Question

Given below are two statements. One is labelled as Assertion (A) and the other is labelled as Reason (R).
Assertion (A): With the increase in the pressure of an ideal gas, the volume falls off more rapidly in an isothermal process in comparison to the adiabatic process.
Reason (R): In an isothermal process, \( PV = \text{constant} \), while in an adiabatic process \( PV^\gamma = \text{constant} \). Here, \( \gamma \) is the ratio of specific heats, \( P \) is the pressure and \( V \) is the volume of the ideal gas.
In the light of the above statements, choose the correct answer from the options given below:

• A. Both (A) and (R) are true but (R) is NOT the correct explanation of (A)
• B. (A) is true but (R) is false
• C. Both (A) and (R) are true and (R) is the correct explanation of (A)
• D. (A) is false but (R) is true

Hint:

In an isothermal process, \( P \) and \( V \) are inversely proportional, while in an adiabatic process, the relationship between \( P \) and \( V \) follows \( PV^\gamma = \text{constant} \), and the decrease in volume is more rapid.

Answer 1

The Correct Option is D

- In an isothermal process, the temperature remains constant, and \( PV = \text{constant} \). As the pressure increases, the volume decreases in a manner such that the product remains constant.
- In an adiabatic process, \( PV^\gamma = \text{constant} \), where \( \gamma \) is the ratio of specific heats. Here, the volume decreases more rapidly than in the isothermal process.
Thus, the assertion (A) is false because in fact, the volume decreases more slowly in the isothermal process than in the adiabatic process. The reason (R) is true and correctly describes the nature of the isothermal and adiabatic processes.

Answer 2

Step 1: Understanding the statements.
Assertion (A): With the increase in pressure of an ideal gas, the volume falls off more rapidly in an isothermal process in comparison to the adiabatic process.
Reason (R): In an isothermal process, \( PV = \text{constant} \), while in an adiabatic process \( PV^\gamma = \text{constant} \), where \( \gamma \) is the ratio of specific heats.

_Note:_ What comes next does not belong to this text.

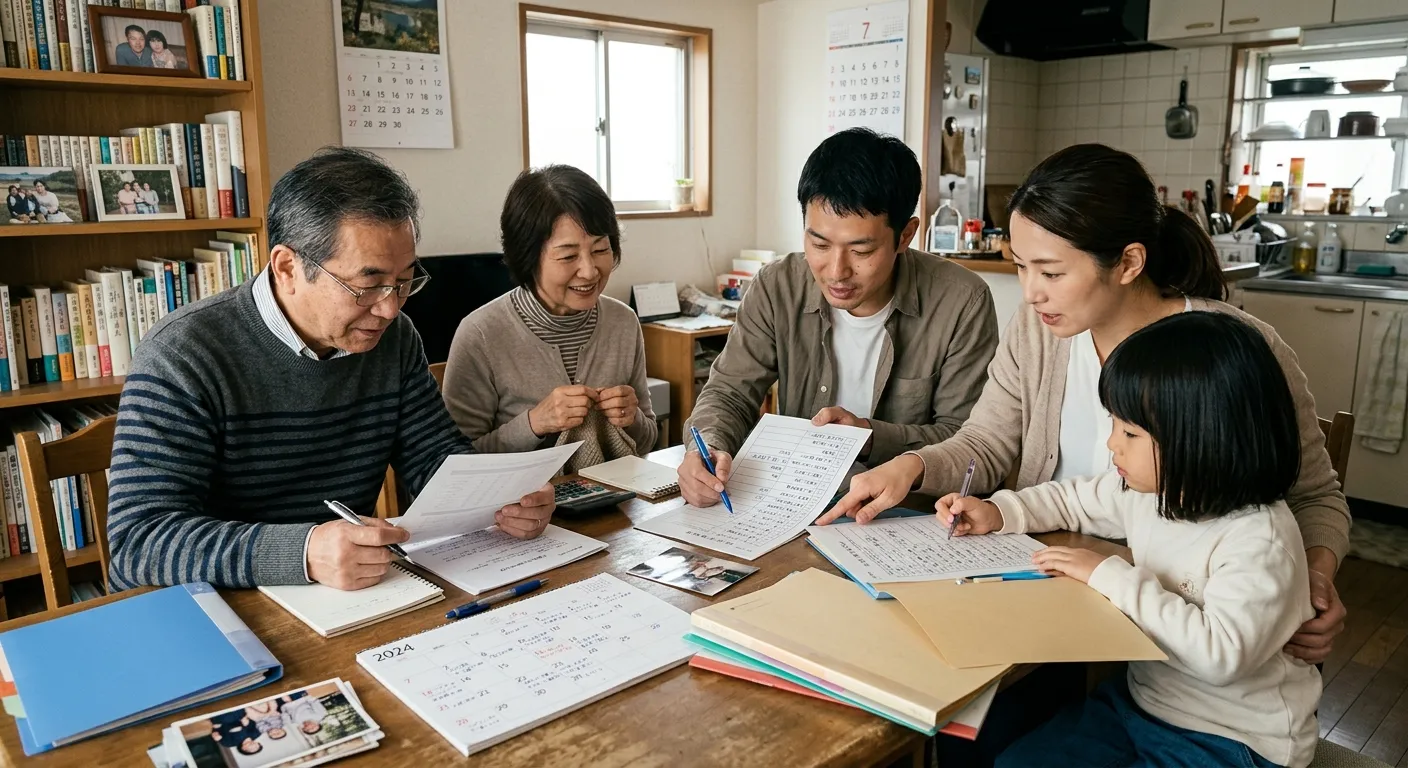 相続手続きのチェックリストを確認する日本人のイメージ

Step 2: Analyzing the processes.
For an isothermal process:
\[ PV = \text{constant} \Rightarrow V \propto \frac{1}{P} \] For an adiabatic process:
\[ PV^\gamma = \text{constant} \Rightarrow V \propto P^{-\frac{1}{\gamma}} \] Since \( \gamma > 1 \), the exponent \( -\frac{1}{\gamma} \) is smaller in magnitude than \(-1\).
Therefore, in an adiabatic process, the volume decreases more rapidly with increasing pressure compared to an isothermal process.

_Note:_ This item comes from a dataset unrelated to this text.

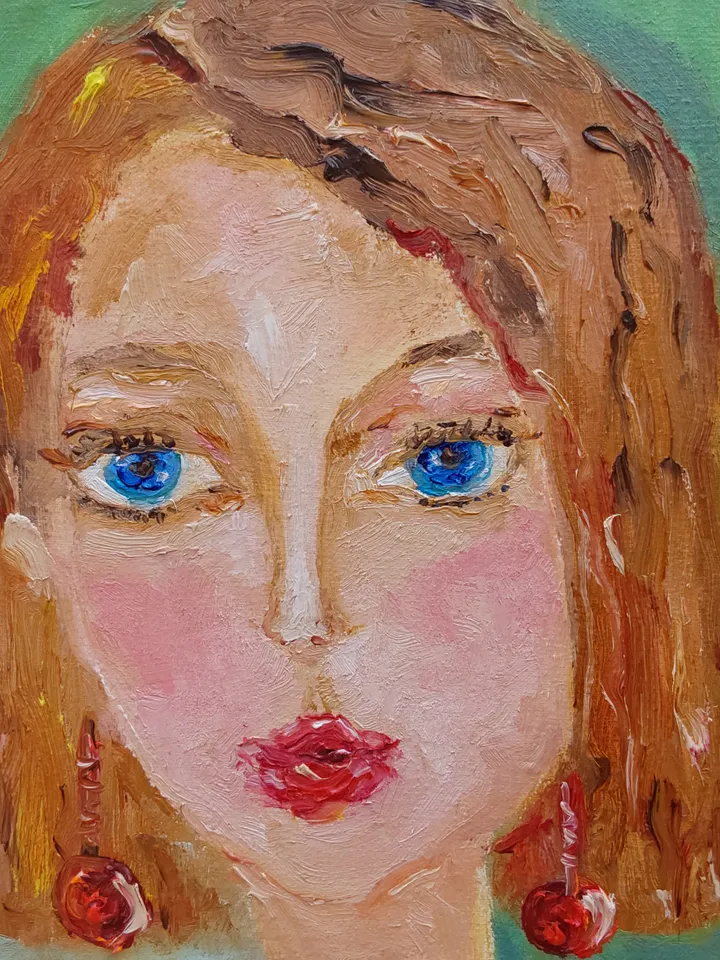 Oil painting on canvas "Portrait of woman in red. Imitating Modigliani" 40x50cm (16x20inch)The painting is sold. A copy is possible.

Step 3: Evaluating the assertion.
The Assertion claims the opposite — that the volume decreases more rapidly in an isothermal process than in an adiabatic one. This is incorrect.
Hence, (A) is false.

Step 4: Evaluating the reason.
The Reason correctly states the relationships for isothermal and adiabatic processes:
- \( PV = \text{constant} \) for isothermal
- \( PV^\gamma = \text{constant} \) for adiabatic
Hence, (R) is true.

Final Answer:
(A) is false but (R) is true